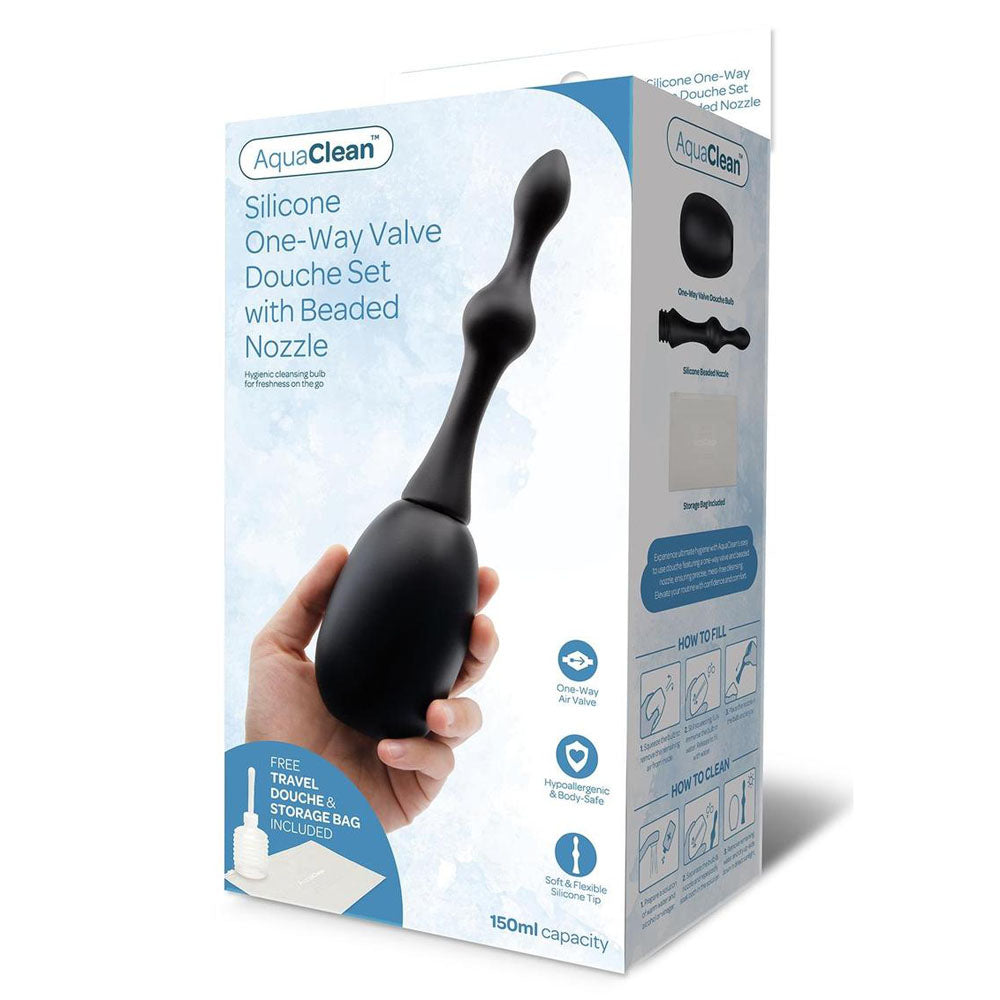 AquaClean Silicone 1-Way Valve Douche Set with Beaded Nozzle - 150 ml Capacity with Free Travel Douche Included Black - Club X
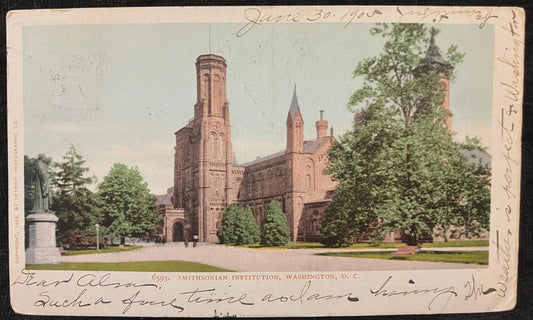 Smithsonian Institution, Washington, D. C., Maryland - Copyright, 1903, by Detroit Photographic Co. - Vintage Museum Postcard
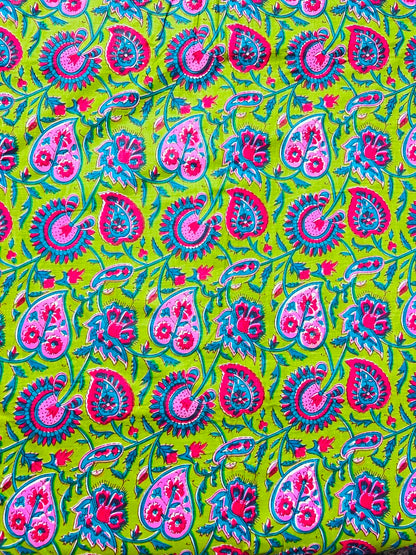 Cotton Screen Print Fabric - Bright Green Paisley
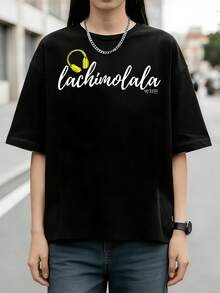 BTSs Jimin Lachimolala Headphone Cursive Minimal Graphic Cotton Summer T-Shirt - 黑色 - 查看 1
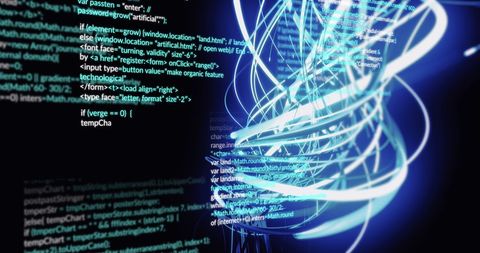 Dynamic Neon Coding Lines in a Spiral - Download Free Stock Images Pikwizard.com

::::::

• WHAT YOU HAVE TO DO: Once the pictures are dropped, repeat the data above exactly.

• ANSWER TO THIS EXERCISE:
 AquaClean Silicone 1-Way Valve Douche Set with Beaded Nozzle - 150 ml Capacity with Free Travel Douche Included Black - Club X
 Smithsonian Institution, Washington, D. C., Maryland - Copyright, 1903, by Detroit Photographic Co. - Vintage Museum Postcard
 Cotton Screen Print Fabric - Bright Green Paisley
 BTSs Jimin Lachimolala Headphone Cursive Minimal Graphic Cotton Summer T-Shirt - 黑色 - 查看 1
 Dynamic Neon Coding Lines in a Spiral - Download Free Stock Images Pikwizard.com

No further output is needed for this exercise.